* ABOUT THIS TASK
Please copy exactly the part of the records below that opens with the line containing "Sandman Hotel & Suites Calgary West contacts" and closes with the line containing "ΕΞΟΔΟΣ ΠΑΣΧΑ 2023", leaving out any pictures.

* DATA EXTRACTS
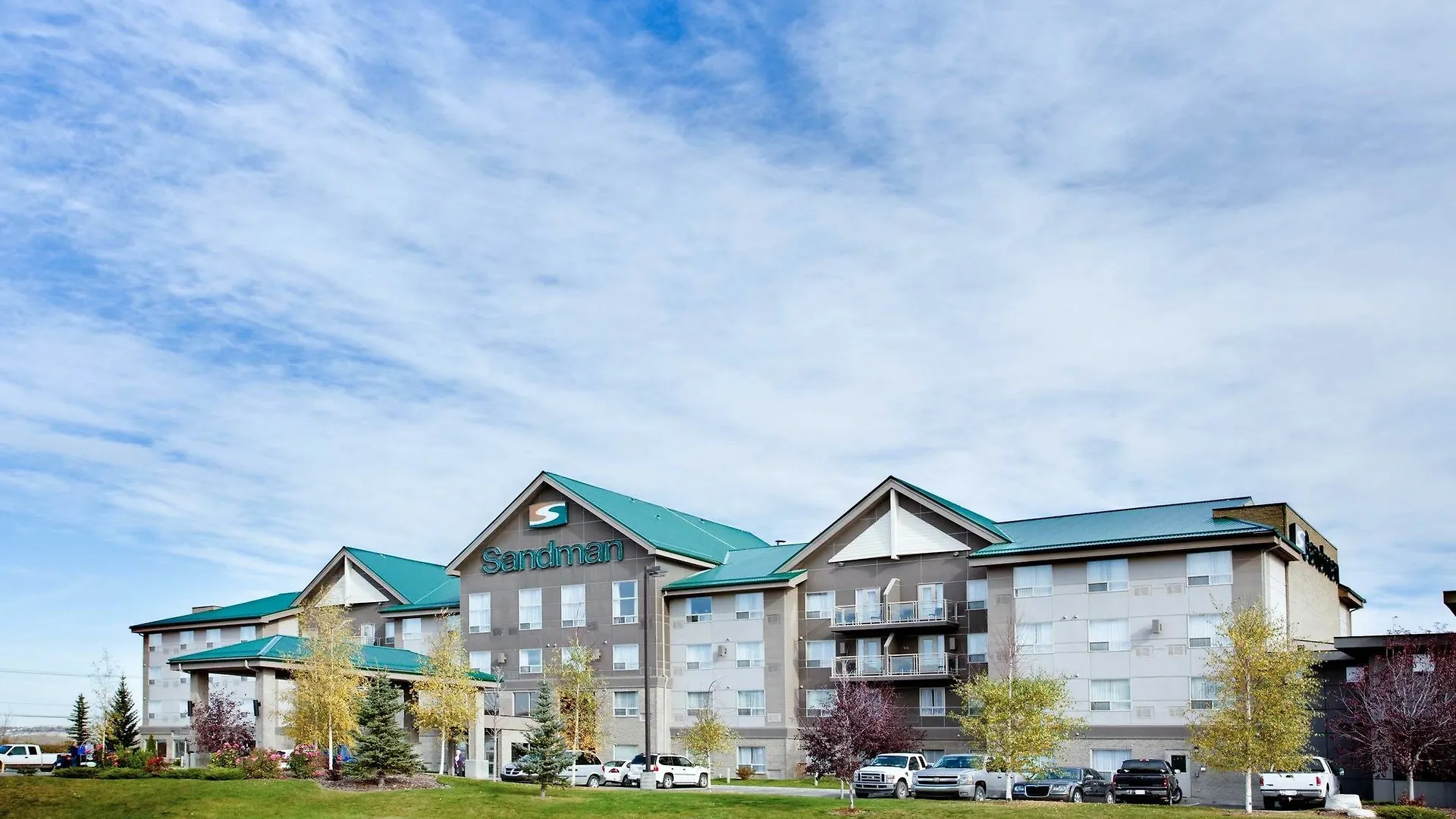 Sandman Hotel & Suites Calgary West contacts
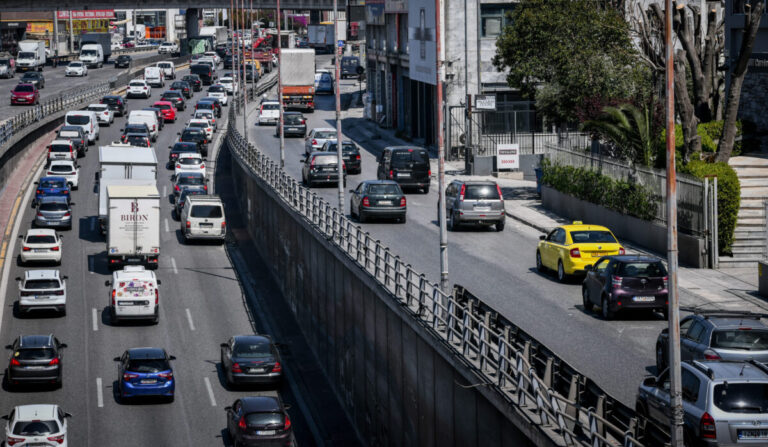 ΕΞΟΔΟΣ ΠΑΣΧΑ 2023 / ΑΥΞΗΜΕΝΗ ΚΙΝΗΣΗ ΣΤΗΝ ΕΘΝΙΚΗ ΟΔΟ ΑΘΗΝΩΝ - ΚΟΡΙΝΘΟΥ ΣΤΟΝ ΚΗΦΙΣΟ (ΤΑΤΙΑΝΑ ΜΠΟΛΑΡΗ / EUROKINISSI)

---

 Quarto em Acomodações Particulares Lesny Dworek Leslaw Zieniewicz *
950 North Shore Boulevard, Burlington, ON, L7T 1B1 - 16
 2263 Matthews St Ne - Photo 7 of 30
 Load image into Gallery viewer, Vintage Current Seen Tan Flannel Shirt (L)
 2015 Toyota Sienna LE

* ANSWER BOX
 Sandman Hotel & Suites Calgary West contacts
 ΕΞΟΔΟΣ ΠΑΣΧΑ 2023 / ΑΥΞΗΜΕΝΗ ΚΙΝΗΣΗ ΣΤΗΝ ΕΘΝΙΚΗ ΟΔΟ ΑΘΗΝΩΝ - ΚΟΡΙΝΘΟΥ ΣΤΟΝ ΚΗΦΙΣΟ (ΤΑΤΙΑΝΑ ΜΠΟΛΑΡΗ / EUROKINISSI)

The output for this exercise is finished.